**Task to carry out**
Strip out all images, then restate the data verbatim.

**Available data**
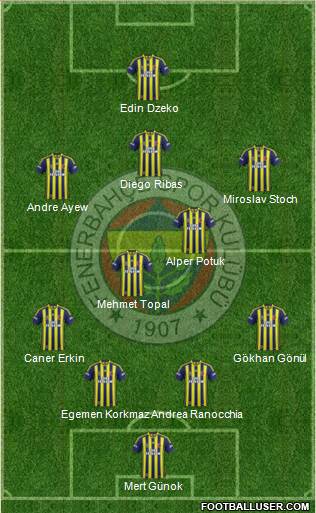 Fenerbahçe SK Formation 2015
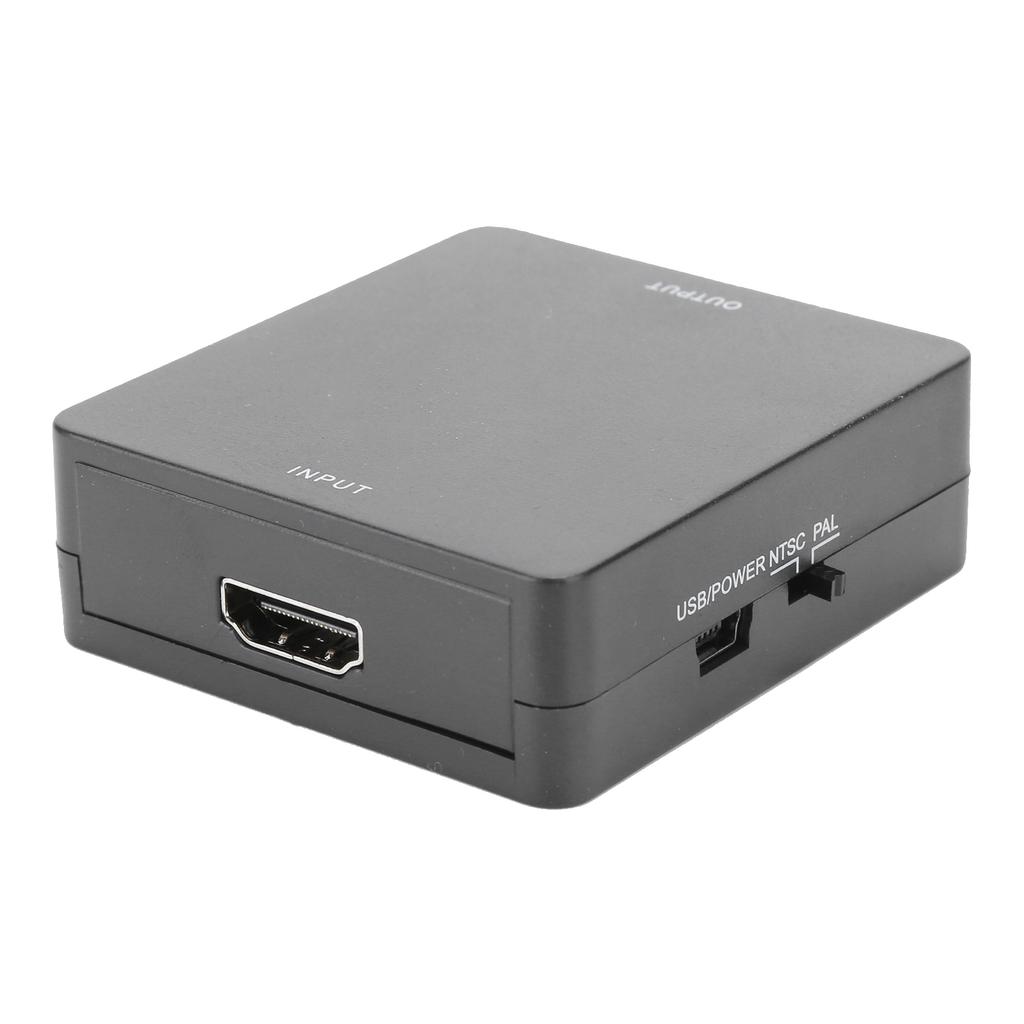 Mini HDMI to AV Converter Box Video RCA AV CVSB L   R 1080P HDMI2AV Adapter HDTVBlack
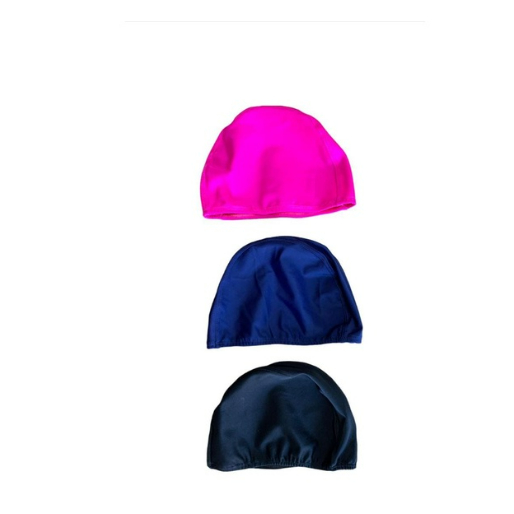 Touca de natação lisa diversas cores tamanhos adulto e infantil 100% lycra  confortavel e macia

**Response box**
 Fenerbahçe SK Formation 2015
 Mini HDMI to AV Converter Box Video RCA AV CVSB L   R 1080P HDMI2AV Adapter HDTVBlack
 Touca de natação lisa diversas cores tamanhos adulto e infantil 100% lycra  confortavel e macia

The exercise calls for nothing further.